Big Bank Bailouts Tied To Previous Lobbying Efforts, Study Suggests

Did Washington Connections Help Big Banks Get Bailouts?

Did connections in Washington help major financial institutions get bailed out after the crisis?

A new study from the National Bureau of Economic Research suggests so. The paper, from three economists at the International Monetary Fund, finds that financial institutions and lenders who actively lobbied the federal government in the years leading up to the financial crisis were more likely to benefit from government bailouts beginning in 2008.

The study also found that politically-active lenders typically had faster-growing portfolios of high-risk loans -- an offshoot of relaxed regulations by the federal government.

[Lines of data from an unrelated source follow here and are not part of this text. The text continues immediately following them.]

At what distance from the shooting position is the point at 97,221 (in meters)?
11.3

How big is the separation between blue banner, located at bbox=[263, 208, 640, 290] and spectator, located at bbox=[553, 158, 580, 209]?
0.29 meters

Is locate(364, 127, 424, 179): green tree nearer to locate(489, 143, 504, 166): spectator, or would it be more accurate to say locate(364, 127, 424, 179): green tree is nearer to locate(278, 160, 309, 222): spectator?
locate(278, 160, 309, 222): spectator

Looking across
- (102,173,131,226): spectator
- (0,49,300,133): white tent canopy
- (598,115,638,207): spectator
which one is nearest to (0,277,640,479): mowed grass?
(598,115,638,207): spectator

"These lenders lobbied more aggressively; the ensuing lax regulatory environment allowed them to engage in riskier lending; and such lending exposed them, directly or indirectly, to worse outcomes during the crisis," the three economists, Deniz Igan, Prachi Mishra and Thierry Tressel, note in the report.

"Interestingly," they continue "the market anticipated lobbying lenders to benefit more from the bailout, and they indeed did, perhaps because they were hit harder by the crisis and/or because they had closer connections to policymakers."

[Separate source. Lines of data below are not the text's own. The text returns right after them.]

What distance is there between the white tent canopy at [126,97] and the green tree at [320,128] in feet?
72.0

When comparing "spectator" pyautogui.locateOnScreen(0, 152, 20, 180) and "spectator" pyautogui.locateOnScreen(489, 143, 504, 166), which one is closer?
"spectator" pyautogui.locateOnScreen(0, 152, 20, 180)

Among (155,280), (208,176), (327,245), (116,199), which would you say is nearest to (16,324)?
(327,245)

The report does not provide a comprehensive list of the lenders used in the analysis. But the appendix does show sample lobbying forms for Citigroup, which spent more than $3 million in lobbying in 2002, and which received $45 billion in funds from the federal government after the financial meltdown in fall 2008. Bank of America and Wells Fargo, which also had major lobbying activity in Washington, received $45 billion and $25 billion in bailouts, respectively.

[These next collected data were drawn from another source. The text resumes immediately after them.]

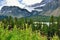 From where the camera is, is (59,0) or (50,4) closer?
(59,0)

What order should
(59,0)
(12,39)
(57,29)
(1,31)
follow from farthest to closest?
(59,0), (57,29), (1,31), (12,39)

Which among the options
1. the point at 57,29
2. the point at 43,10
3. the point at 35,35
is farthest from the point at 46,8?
the point at 35,35

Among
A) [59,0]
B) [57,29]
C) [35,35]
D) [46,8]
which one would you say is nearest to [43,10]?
[46,8]

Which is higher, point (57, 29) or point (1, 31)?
point (1, 31)

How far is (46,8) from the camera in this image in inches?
7441

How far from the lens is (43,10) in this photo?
19400 centimetres

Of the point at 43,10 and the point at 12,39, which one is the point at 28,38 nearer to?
the point at 12,39

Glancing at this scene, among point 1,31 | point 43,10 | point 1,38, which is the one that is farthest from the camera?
point 43,10

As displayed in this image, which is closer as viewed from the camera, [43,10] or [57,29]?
[57,29]

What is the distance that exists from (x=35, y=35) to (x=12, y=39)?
3.40 meters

All three banks have since repaid the bailout funds.

The study takes a comprehensive look at lobbying reports and all congressional bills relating to mortgage lending and securities laws from 1999-2007. The authors also analyze the delinquency rates of loans issued by non-political and politically active lenders, and measure the companies' performances during the crisis.

They find that during 1999-2006, 93 percent of all bills that sought tighter regulation of lending never became law. During that time period, parent companies for the lenders spent nearly half a billion dollars lobbying the federal government.

Perhaps not surprisingly, the most politically-active lenders tended to have the largest market and assets.

"While pinning down precisely the motivation for lobbying is difficult, our analysis suggests that the political influence of the financial industry contributed to the financial crisis by allowing risk accumulation," the authors conclude. "Therefore, it provides some support to the view that the prevention of future crises might require a closer monitoring of lobbying activities by the financial industry and weakening of their political influence."

Casey B. Mulligan, an economics professor at The University of Chicago, noted in The New York Times' Economix blog about the study:

"The authors did not disentangle the path by which lobbying brought forth bailout funds, but it is likely to have followed some combination of political access enjoyed at the time and the lobbying lenders' assertions of need -- created by the lax lending that had gone before, itself facilitated by lobbying during the housing boom years."